Sanderson Farms Championship Betting Tips: Six tips for Week Two of the PGA Tour
Week two of the 2022/23 PGA Tour season brings us to Jackson, Mississippi for the Sanderson Farms Championship at the Country Club of Jackson; an event which started in 1968 and has taken place here at the CCoJ every year since 2014.
It was previously an alternate-field event; staged opposite majors, WGCs and team events up until 2018, as it was granted full tour status in 2019.
It’s an event where scoring is typically low, with winning scores of -16 or better in every renewal and it has exceeded -20 on three occasions, possessing an average winning score of -19.125 over the eight years in which the event has been held here.
The Sanderson Farms Championship and Country Club of Jackson had previously combined to provide a happy hunting ground for first time PGA Tour winners, with each of the first six renewals here going to such players. Though over the last two years, with the 2020 edition going to Sergio Garcia and Sam Burns claiming the trophy last year, we’ve seen an end to that run.
That being said, with the weakness in field strength and a hungry group of Korn Ferry Tour graduates thrown into the mix, it is a trend that we could well see return this week.

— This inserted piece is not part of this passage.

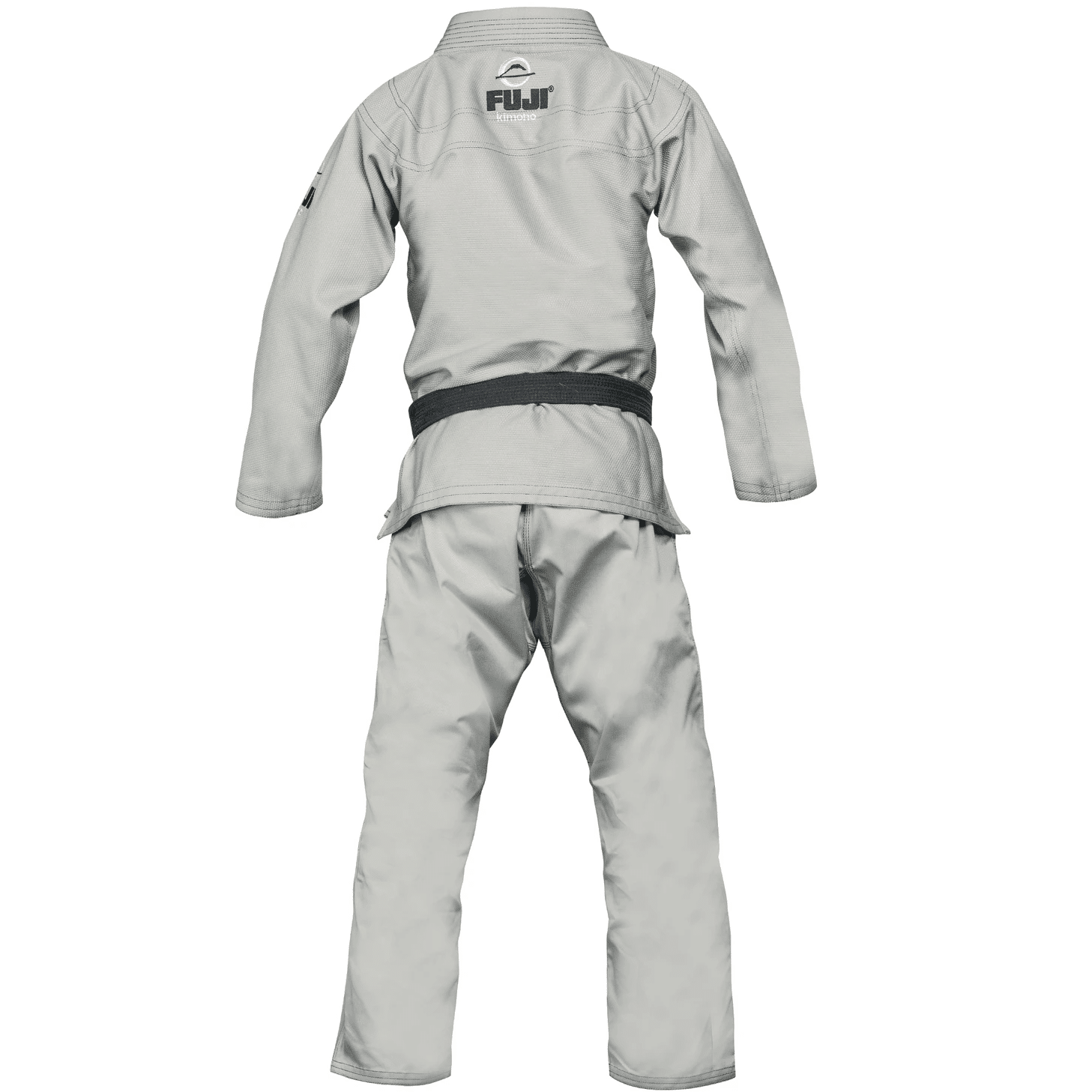 Fuji Lightweight BJJ Gi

The Country Club of Jackson is a 7461 yard par 72, originally designed by Dick Wilson in the 1950s. It has undergone many renovations over the years but the most important came in 2008, as John Faught oversaw significant changes, drawing inspiration from the great Donald Ross.
What we have is a flat, tree-lined course (though not too claustrophobic) with relatively narrow fairways, many which dogleg gently, though are not abound with difficulties should you miss despite water being in-play on around 1/3 of the holes, with rough non-penal and a lack of dangerous bunkers. This represented by the course possessing a high percentage of greens hit not just from the fairway but also when you miss the short grass off the tee.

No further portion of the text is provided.